The team comprises InfraOps, DataOps, MLOps and SecureAI teams that build internal software platforms to enable and empower our users to create meaningful and robust solutions.
AI model training and inferencing consume a lot of electricity. With the push for a more sustainable way to train and operate AI models, the team is also exploring more efficient methodologies to host such AI models.
The team also provides training and mentors for the AIAP apprentices and works closely with the 100E and Bricks teams to assist and enable the AI engineers to scale their AI models with best practices in ML Ops, CI/CD pipelines and AI robustness.
Our teams include folks with extensive experience in High-Performance Computing, Big Data/Internet of Things, Infrastructure, Ops, Software Engineering, Data Engineering and Machine Learning.
Platforms Engineering Teams
The InfraOps team manages, operates and secures the on-prem and cloud infrastructure and internal software platforms that enable AI Singapore engineering teams.
The DataOps team looks after the data infrastructure and data processing pipelines. They help onboard, secure and decommission critical datasets from our collaborators and project sponsors throughout the lifecycle of the projects.
The MLOps team works closely with the 100E engineering teams to ensure that good software practices and tooling are adopted and to scale the ML training and deployment pipelines.
Our unique SecureAI team is dedicated to developing processes and tooling to support the building of secure and trustworthy AI solutions. They help ensure that the robustness testing and coverage are addressed in the ML model training process for our AI engineering teams.
On-Premise and Cloud Hybrid High-Performance Clusters for AI/ML workloads
Over 7000 x86 and POWER CPUs serving infra, data, ML workloads.
0.5 PB of storage providing object store, NFS/PFS and file I/O services
We leverage Google Cloud and Azure for the latest and greatest in cloud technology and infra, including AI Accelerators (A100 GPUs, Cloud TPU, other xPUs, FPGAs)
32 NVIDIA V100 GPUs, and 6 FPGAs for accelerated ML training and inference workloads.
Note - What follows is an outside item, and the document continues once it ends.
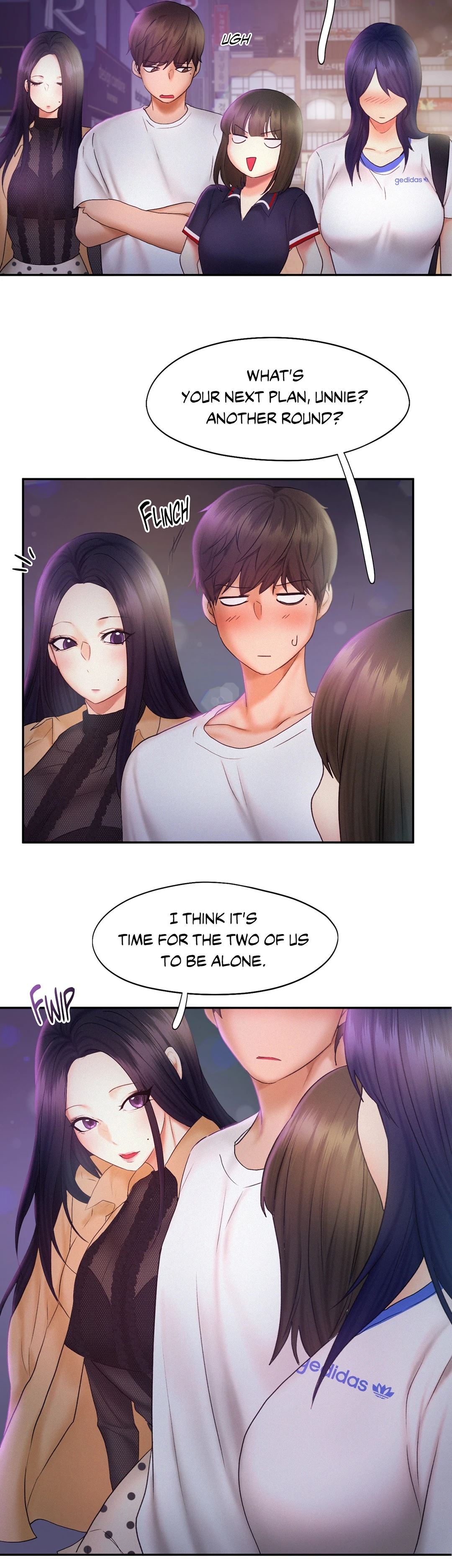 Flying High Chapter 22 image 26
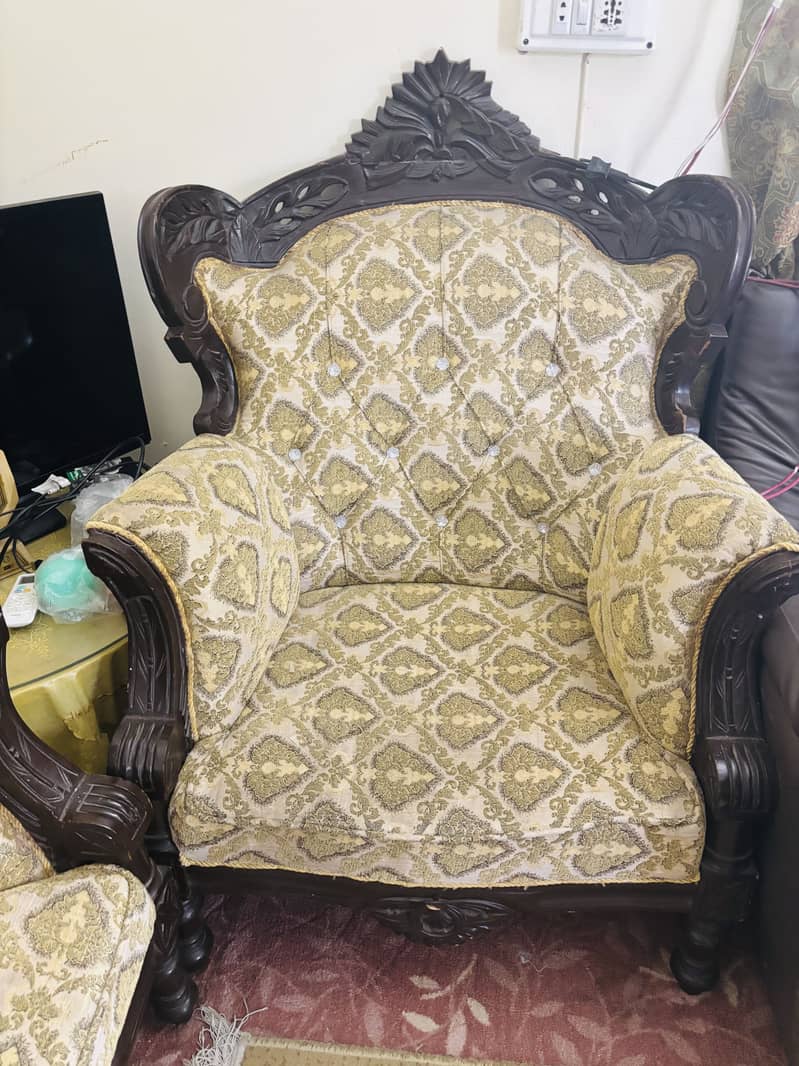 5 sitter sofa set 5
10G Ethernet and 100G Infiniband networks providing infra and cluster networking
NUS-NSCC innovation 4.0 Data Centre
AI Singapore collaborates with the National Supercomputing Centre (NSCC) and hosts Singapore’s largest AI supercomputer (as of 2022). We believe large-scale AI models require the proven techniques from the High-Performance Computing (HPC) world, such as parallel computing, robust scheduling for workloads and checkpointing mechanisms for long-running AI runs.